Kevin Dietsch/Getty Images

Half the states have passed pro-life laws since Dobbs, but blue states still allow brutal late-term abortions with no meaningful national limit.
Four years after the Dobbs decision, the pro-life movement faces a sobering crossroads. The end of Roe v. Wade was a historic victory. But abortion remains the leading cause of death in the United States, and the most vulnerable among us are still denied the basic human right to life.
Dobbs held that the people’s representatives at every level of government may pass laws protecting unborn children. That includes national leaders. Half the states have enacted pro-life laws since Dobbs, yet abortions have gone up, not down. A “states-only” strategy does not merely fail. It abandons unborn children in blue states to the same logic that once treated fundamental human rights as a local question.
We must extend equal protection and the right to life to all Americans, in every state, no matter how small.
As America marks its 250th anniversary, the pro-life movement and the Republican Party must move beyond half-measures. They should embrace national leadership for the right to life.
A national minimum standard — whether tied to a baby’s detectable heartbeat or the point at which a baby can feel pain — would not replace stronger state pro-life laws. It would set a floor for the whole country, including blue states, while allowing pro-life states to protect life more aggressively.
The Democratic Party has made abortion with no limits its de facto position. But public opinion is not with them. Only 10% of voters support abortion until birth. Fifteen states allow abortion at any point in pregnancy, including the seventh, eighth, and ninth months. The United States is one of only eight countries that allow all-trimester abortion, a list that includes China and Vietnam.
This is not hypothetical. Second- and third-trimester abortions happen in blue states. Babies who can feel pain and survive outside the womb are being killed.
In Washington, D.C., the bodies of five full-term babies were found in medical waste boxes outside the Washington Surgi-Clinic abortion facility. They are now known as the D.C. Five. Several abortion businesses openly advertise third-trimester abortions, including the DuPont Clinic in Washington, D.C.; RISE Collective in Colorado; Partners in Abortion Care in Maryland; and Hope Clinic in Illinois.
Planned Parenthood performs late-term abortions as well, and women have died alongside unborn children. An 18-year-old girl in Colorado died last year after a late-term abortion at a Planned Parenthood facility. According to her family, Fort Collins Planned Parenthood did not call an ambulance immediately and specifically requested no sirens on the way to the hospital.

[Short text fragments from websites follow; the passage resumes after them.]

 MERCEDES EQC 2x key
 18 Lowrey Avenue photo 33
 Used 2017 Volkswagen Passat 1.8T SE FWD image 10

RELATED: The judgment behind the abortion numbers

The other side has a national strategy, and it is no secret. If Democrats gain power, they will try to pass the so-called Women’s Health Protection Act. That bill would block states from enforcing pro-life laws and push the country beyond the Roe status quo. In practice, it would make abortion available at any time, for any reason, in all 50 states. Almost every elected Democrat in Congress has voted for the bill, and party leaders have committed to eliminating the filibuster to pass it.
A leave-it-to-the-states strategy will not stop them. No great human rights cause in American history has been won that way. The GOP must commit to pro-life action at the national level.
The first step is to elect leaders who believe unborn children deserve protection no matter where they live. Those leaders must pledge to help America turn the page on its ugly chapter of late-term abortion. Susan B. Anthony Pro-Life America is beginning that work by dedicating $160 million in 2026 and 2028 to elect candidates who will take pro-life action nationally.
After the midterms, the pro-life movement must rally around a presidential candidate who will take up this fight and fiercely defend mothers and their unborn children. That leader must act on the consensus of the American people and sign the most ambitious national protection for life possible.
On America’s 250th anniversary, we should remember that the Declaration of Independence and the Constitution inspired great human rights triumphs, including the abolition of slavery and women’s suffrage. With 1.1 million Americans losing their lives to abortion every year, this is the moment to confront the greatest human rights violation of our time.
We must extend equal protection and the right to life to all Americans, in every state, no matter how small.